Ein anderer Harry dachte, es nachzumachen, nur sollte man vorher wissen, mit welchen Fahrzeugen das geht, an welchen Stellen man in den Graben kann und sich nicht eine Stelle vor einem Übergang in den Wald suchen. Das kann weder die Vorderachse noch der Türschweller und es gibt ein Ticket heim fürs Blech – Liegendtransport.
Eine Kiste Filme
Es war knapp vor der Serieneinführung des ABS, man brauchte Werbematerial. So schickte uns die Zentrale der Firma ein Filmteam. Da die Jungs das erste Mal in Lappland waren, war die Begeisterung groß über die Motive, das Licht und eben das ganze künstlerische Gehabe. Somit wurden aus den drei Tagen Filmdreh mal locker zwei Wochen. Da es am Ende einer Erprobung war, sollten wir noch „ein paar Tage dranhängen“ und nur für die Filmer da sein.
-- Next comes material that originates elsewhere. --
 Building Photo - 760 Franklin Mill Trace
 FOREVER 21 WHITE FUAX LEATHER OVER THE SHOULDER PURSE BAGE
Da sich nach einer Woche noch nicht viel auf Zelluloid bannen ließ, weil der Zweck des Films und die schöne sonnenbeschienene Landschaft nicht unter einem Hut Platz hatten. So musste einer vom Marketing her, Filmrohmaterial mitbringen und wir ’ne weitere Woche verlängern. Das war so natürlich nicht eingeplant. Die Spesen, das Feierabendbier und überhaupt die Absacker waren zu Ende. Der Marketingler muss noch was mitbringen, was er dann auch tat. Als er dann in Lulea durch den Zoll marschierte, mit einem klingenden Karton auf der Schulter – die Jungs sollten da ja nicht reinschauen! – wurde er missmutig gefragt, was da drin sei. „Filmmaterial, wir machen …. “ , worauf der Zöllner grinste und am Abend im Hotelfoyer saß, um auch was von dem „Film“ abzubekommen.
Unter der Brücke von Arvidsjaur
Dann endlich heimfahren. Wir bringen die Fahrzeuge nach Luleå, dort werden sie von eingeflogenen Kutschern heimgefahren und wir können im Firmen-Jet heimfliegen. Ich sitz bei Harry im Truck und wir unterhalten uns über das Leben an sich. Am Ortsschild Arvidsjaur entfleucht Harry ein satter Fluch. ?? Die Brücke! Jaaah, die alten Hasen wissen noch, dass die Bahnlinie nach Moskosel über ne Brücke ging und der Verkehr unten durch. Max High 3m. Es ergibt sich ein Gespräch in der Kabine: „“ Wie hoch sind wir? – Mehr als 3m. – Wieviel? – Keine Ahnung, viel kann es nicht sein. – Probieren? – Ich blamier mich doch nicht. – Haste überhaupt n LKW-Führerschein? – Ja, vom Bund. – Und jetzt? – Druck ablassen in den Reifen? – Und wie Druck wieder rein? – Die Tanke ist am anderen Ende von Dorf. – Rückwärtsfahren. – Mittm Hänger? hab ich noch nie gemacht. Ich kann bloß driften mittm Hänger, aufm Eis. – Und du? – Ich war nicht beim Bund. Du, da hinten warten schon zwei, ob’s weitergeht. Warum ginst der, der da vorbeifährt so genüsslich? Also komm, dann halt rückwärts. … „“
Wir hätten fast den Flieger verpasst, weil die Rückwärtsfahrenmüssenstrecke zieeemlich lang war und der Hänger immer wieder unkameradschaftlich muckte und passierende, neugierige Schweden vorbei wollten. Heutzutage wäre das ’ne Meldung in der Testerzeitung wert. Aber wir brauchten das nicht, wir haben genügend Selbstvertrauen und außerdem kennen uns jetzt einige Leute mehr.